A recent review of bankruptcy statistics revealed some interesting patterns in filing trends. Not only have trends followed changes in economic conditions, but legislation has played a key role as well. Since the change in bankruptcy laws in 2005, some significant changes have been observed in filing patterns.
Bankruptcy Law Changes
In 2005 some major changes took place to the bankruptcy code. Passage of the Bankruptcy Abuse Prevention and Consumer Protection Act tightened the rules regarding qualification standards and the costs associated with filing for bankruptcy. In efforts to reduce unnecessary Chapter 7 filings and promote debtor liability, changes in the laws made it more difficult for certain individuals to qualify for bankruptcy as well as increase the filing fees. Debtors must now pass a means test, which compares their income to the median income level of the state, in order to qualify for Chapter 7.
The most recent data suggest that it now costs 30 percent or more to file for, and receive a discharge under, a Chapter 7 case.
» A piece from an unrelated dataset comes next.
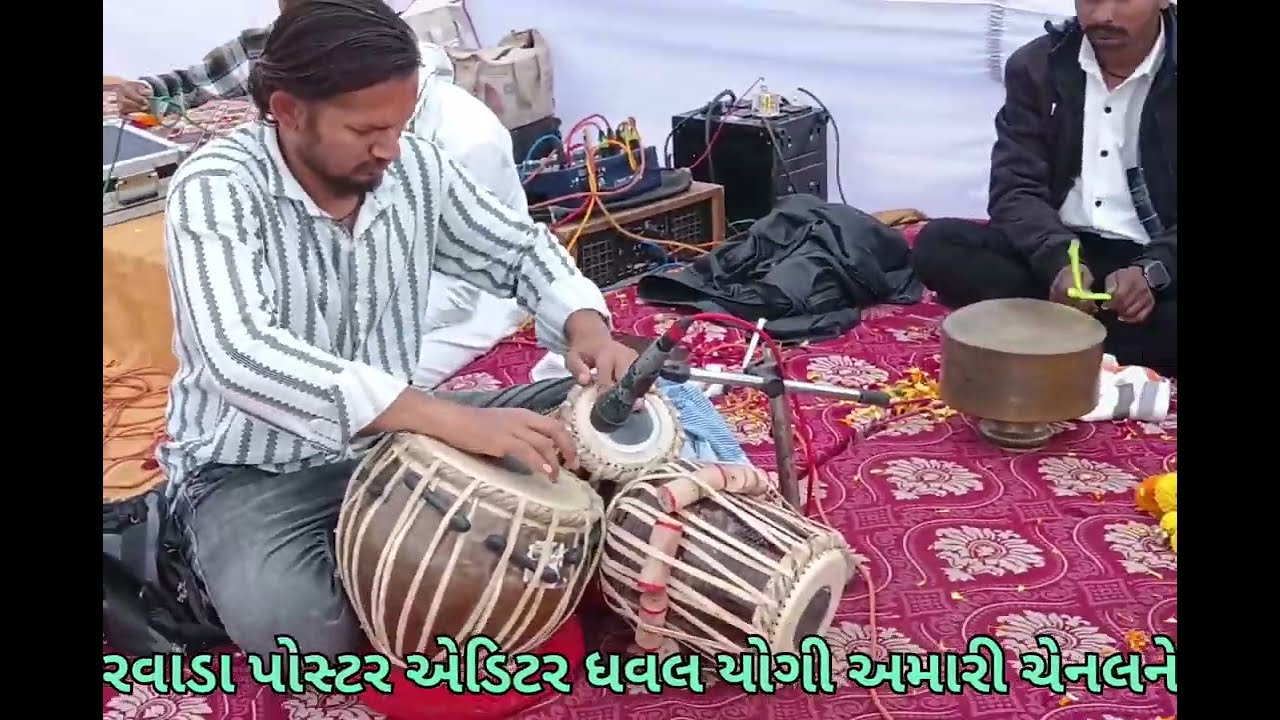  સમતુરામ વાણી:- ભક્તિ કરીએ તો એવી કરીએ/આરાધક.. શીતલરામ બાપુ/ મો. ૭૩૫૯૭૧૫૮૬૭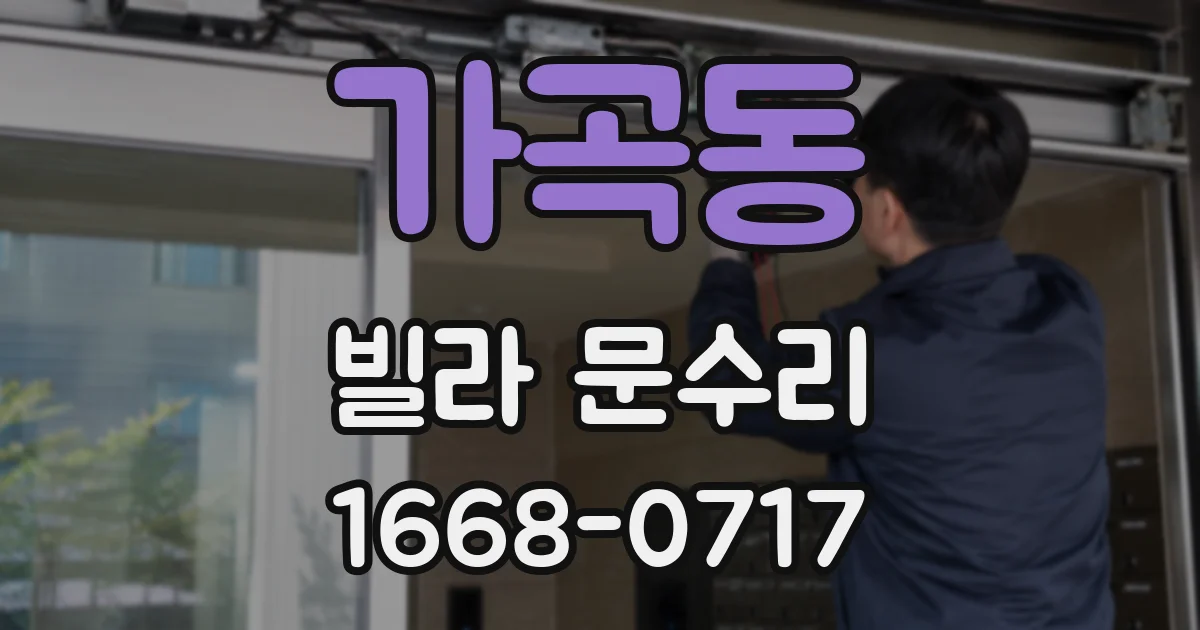 가곡동 빌라 문수리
The average filing fee before the 2005 changes was $299, but now costs around $306. Filing fees for Chapter 13 cases are around $281, up from $274 in previous years. Studies show that legal fees have also increased over the years. The average cost for a bankruptcy attorney is around $2,000. However, debtors can still find many attorneys that offer payment plans, sliding scale services and free consultations.